С голой душой, опустошенной разочарованием, пришла она к тебе, великий город, где под мрачными мансардами трепещут мечты поэта; где камни мостовой залиты кровью борцов; где родятся великие замыслы; где гибнут неведомые таланты; куда стремятся люди, как волны реки стремятся к морю. Что ждет ее здесь? Она растеряла в дороге все цветы из своего венка. Что ты дашь ей взамен, великий, страшный город? Увенчаешь ли славой? Разобьешь ли ее, как щепку?

– Маня, я ложусь. Уже поздно, – говорит фрау Кеслер, стуча в стекло.

Облокотившись на заржавевшие старые перила, она глядит в небо.

Ни луны, ни звезд. Все облачно. Все угрюмо. Но это Париж. Город, о котором она грезила ребенком; где жили Дантон и Робеспьер; где запылал первый факел великой революции, от которого дрогнул и рухнул старый мир; где с такого же балкончика, а может, и из окна мансарды, никому неведомый юноша с мрачным взглядом и профилем Цезаря глядел в такие же угрюмые осенние ночи на великий город, мечтая покорить его. Глядел в небо, ища там свою звезду, приведшую его к трону[89]

Хриплый звук старой меди вдруг доносится издалека. Это бьют часы. Их слышало столько поколений. «Все исчезли…»

Уныло льются медные волны в сыром воздухе. Дрожат и тают. Звуки угаснут. «Угасну и я…»

О, стать чем-нибудь! Поэтом, скульптором, артисткой… Личностью… Бросить миру свой вымысел. Подарить людям радость… Создать свой мир…

– Вот Лувр, Маня!

Мрачный четырехугольник раскинулся перед нею. Через улицу, невдалеке, колокольня и сквер.

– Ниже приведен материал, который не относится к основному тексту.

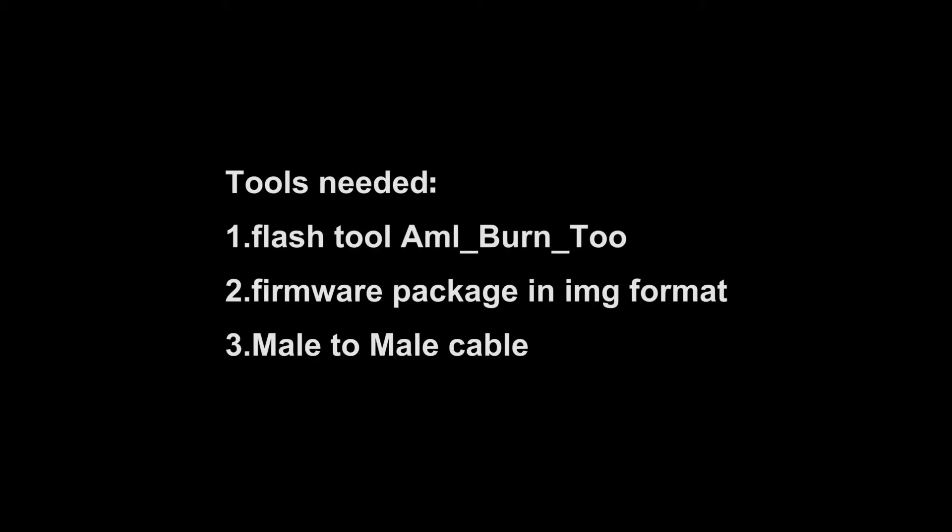1. Flash tool, 2. Firmware package in IMG format, 3. Male-to-male cable.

– Это церковь Сен-Жермен д'Окзерруа, откуда был дан сигнал к Варфоломеевской ночи. Вон, видишь, за углом, окно? Карл IX стрелял оттуда в народ.

Она оглядывается с потемневшими глазами, не смея верить своему счастью. Солнце заливает шумный город. И жизнь здесь кажется праздником. Под оголенными деревьями звучит детский смех. Пестрая толпа, нарядная, суетливая, жизнерадостная, затопляет всю площадь и сквер. Вдали поют гудки автомобилей и звенит трамвай. Омнибусы едут, нагруженные пассажирами. Все спешат. Все ликуют. Эта радость захватывает. Ярко ноябрьское небо. Тепло.

Он прижимает к себе ее трепещущую руку.

– Марк, пойдем скорее! Агата дала мне только один час.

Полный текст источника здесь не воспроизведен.